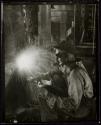 [Welder at work in Empire State building]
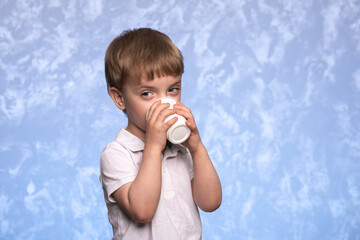 little boy drinks water from a disposable cup of cornstarch. ecologicaly clean. replacing plastic...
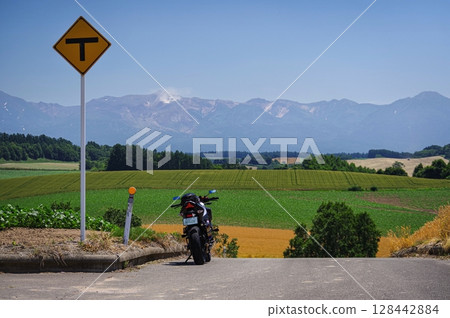 Touring bike on top of a hill and a view of the Tokachi mountain range (Biei, Hokkaido) Touring bike on top of a hill and a view of the Tokachi mountain range (Biei, Hokkaido) 128442884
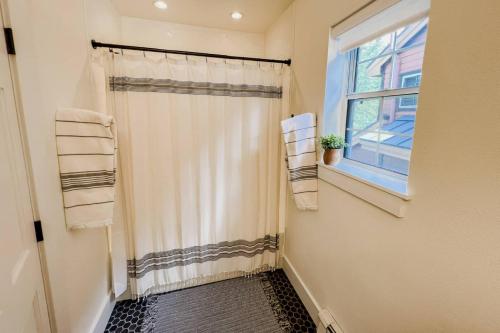 a bathroom with a shower curtain and a window at Northstar 13 in Telluride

══════

## Your task
Give the listing again word for word. Skip every image.

## Your response
 [Welder at work in Empire State building]
 little boy drinks water from a disposable cup of cornstarch. ecologicaly clean. replacing plastic...
 Touring bike on top of a hill and a view of the Tokachi mountain range (Biei, Hokkaido) Touring bike on top of a hill and a view of the Tokachi mountain range (Biei, Hokkaido) 128442884
 a bathroom with a shower curtain and a window at Northstar 13 in Telluride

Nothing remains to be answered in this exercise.